Votação histórica em França deve abrir caminho ao direito ao aborto noutros países
A Amnistia Internacional (AI) defendeu ontem que a aprovação do Congresso francês da inclusão do direito ao aborto na Constituição é um gesto de “enorme importância”, que deve servir de exemplo para outros países.
“Esta votação histórica faz da França o primeiro país a consagrar o aborto na sua constituição e é de enorme importância dada a reversão deste direito essencial em todo o mundo”, afirmou em comunicado a secretária-geral da AI, Agnès Callamard, esperando que sirva para desbravar “uma proteção mais forte do acesso ao aborto noutros lugares”.
O Congresso francês aprovou ontem a inclusão do aborto na Constituição, tornando-se no primeiro país do mundo a garantir a interrupção voluntária da gravidez como um direito na lei fundamental.
Os senadores e deputados franceses aprovaram o texto com 780 votos e 72 contra, assegurando a maioria de três quintos necessária.
Com esta última etapa legislativa, o projeto de lei constitucional, relativo à liberdade de recurso ao aborto, alterou o artigo 34.º, que passará a incluir “a garantia da liberdade das mulheres de recorrer à interrupção voluntária da gravidez”.
Para a secretária-geral da AI, trata-se de “um ponto alto para os direitos das mulheres e um testemunho de anos de campanha incansável por parte de tantas pessoas”, ao mesmo tempo que “envia uma mensagem de esperança e solidariedade aos grupos de mulheres e a todos os defensores do aborto e de outros direitos”.
Agnès Callamard alertou que “os Estados Unidos mostraram quão devastador, perigoso e retrógrado é minar o aborto como um direito”, e recordou países europeus como Polónia e Andorra, onde o acesso à interrupção voluntária da gravidez “é altamente restrito e onde aqueles que lutam por este direito enfrentam processos judiciais”.
A AI associou-se a outros grupos de direitos humanos no apelo para uma abordagem mais inclusiva, “garantindo que o direito ao aborto seja assegurado não só às mulheres e raparigas, mas também aos homens trans, às pessoas não binárias e a todas as pessoas que possam engravidar”.
Em reação à aprovação, o Presidente francês escreveu na rede social X: “Orgulho francês, mensagem universal. Vamos celebrar juntos a entrada de uma nova liberdade garantida na Constituição”.
Emmanuel Macron anunciou uma grande cerimónia na próxima sexta-feira, coincidindo com o Dia Internacional dos Direitos da Mulher, em frente do Ministério da Justiça, onde pela primeira vez na história o público poderá assistir à promulgação de uma lei pelo Presidente da República.

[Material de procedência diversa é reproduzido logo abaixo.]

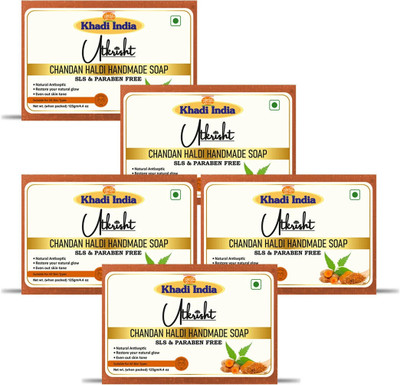 Utkrisht Khadi Chandan Haldi Handmade Bathing Soap for Glowing Skin | Anti-Ageing Soap(5 x 125 g)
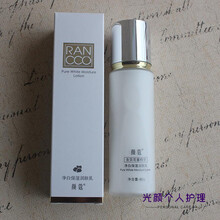 緊膚美白保濕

Os deputados e senadores saudaram a votação histórica com uma ovação, enquanto gritos de alegria foram ouvidos na praça Trocadero, em frente à Torre Eiffel, ao lado do monumento aos Direitos Humanos, onde centenas de defensores do direito ao aborto se reuniram em frente de um ecrã gigante que transmitia a sessão do Congresso.
“Meu corpo, minha escolha” foi inscrito no famoso monumento parisiense para marcar este passo histórico.

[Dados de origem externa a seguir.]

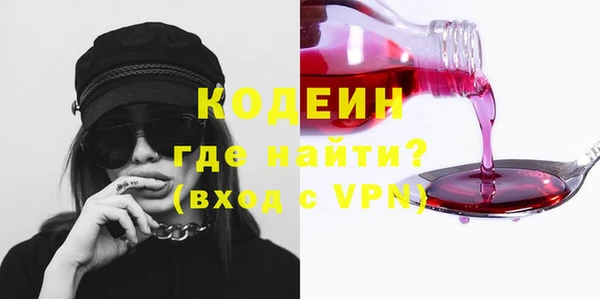 трава Белоозёрский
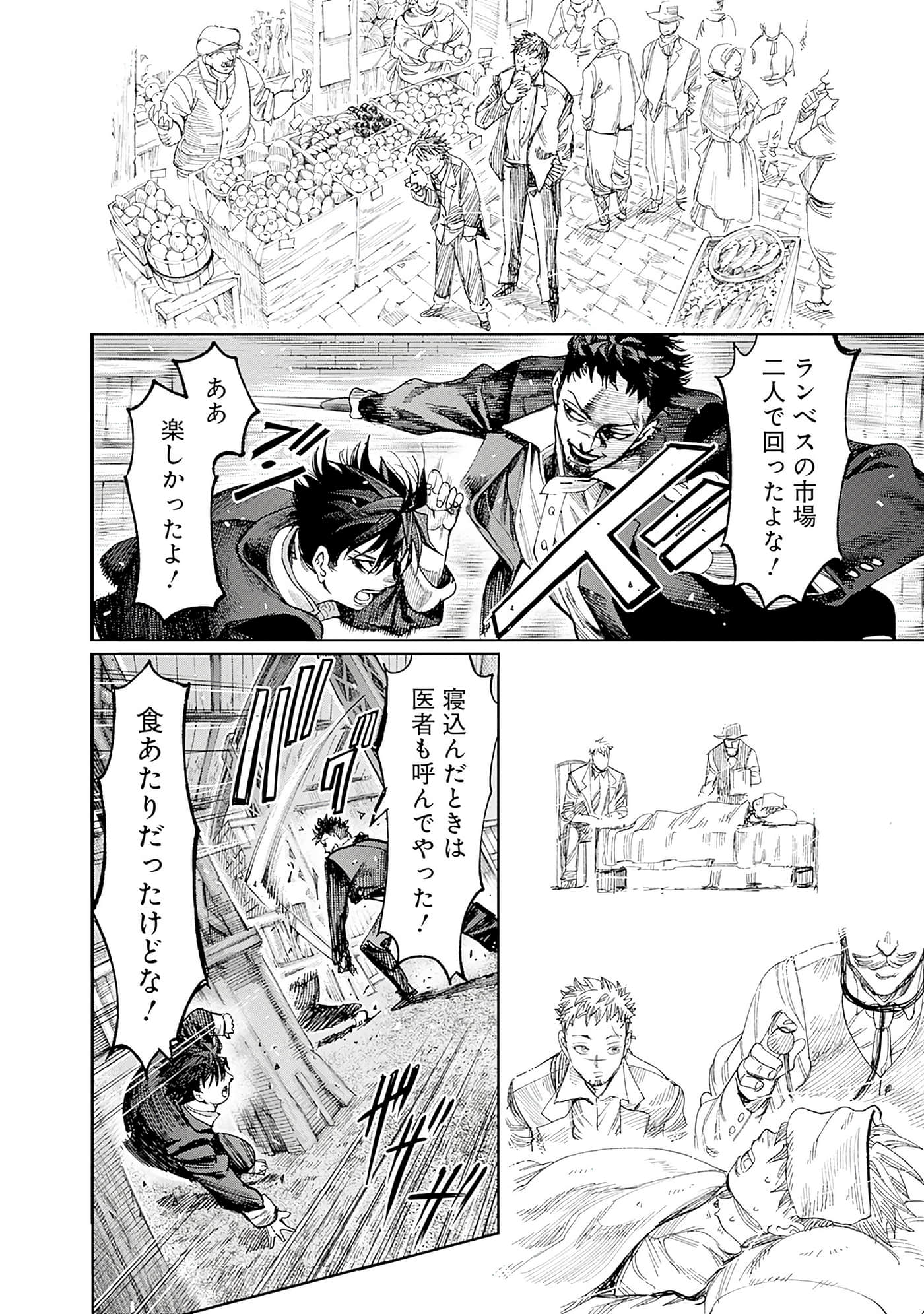 第 83 页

Numerosos líderes políticos tomaram a palavra para defender que, embora o aborto não seja questionado em França neste momento, com mais de oito em cada dez franceses a favor da sua inscrição na Constituição, poderá sê-lo no futuro, à semelhança do que aconteceu nos Estados Unidos, Hungria, Polónia ou Argentina.
Antecedendo a votação histórica, a Pontifícia Academia do Vaticano para a Vida defendeu ontem que “não pode ser um direito” acabar com uma vida humana.
“A Pontifícia Academia para a Vida reitera que precisamente na era dos direitos humanos universais não pode haver um ‘direito’ de suprimir a vida humana”, afirmou em comunicado.
A iniciativa já tinha sido aprovada no final de janeiro por uma maioria esmagadora na Assembleia Nacional e, na semana passada no Senado, apesar da relutância de alguns senadores de direita e do centro, que têm a maioria na câmara alta.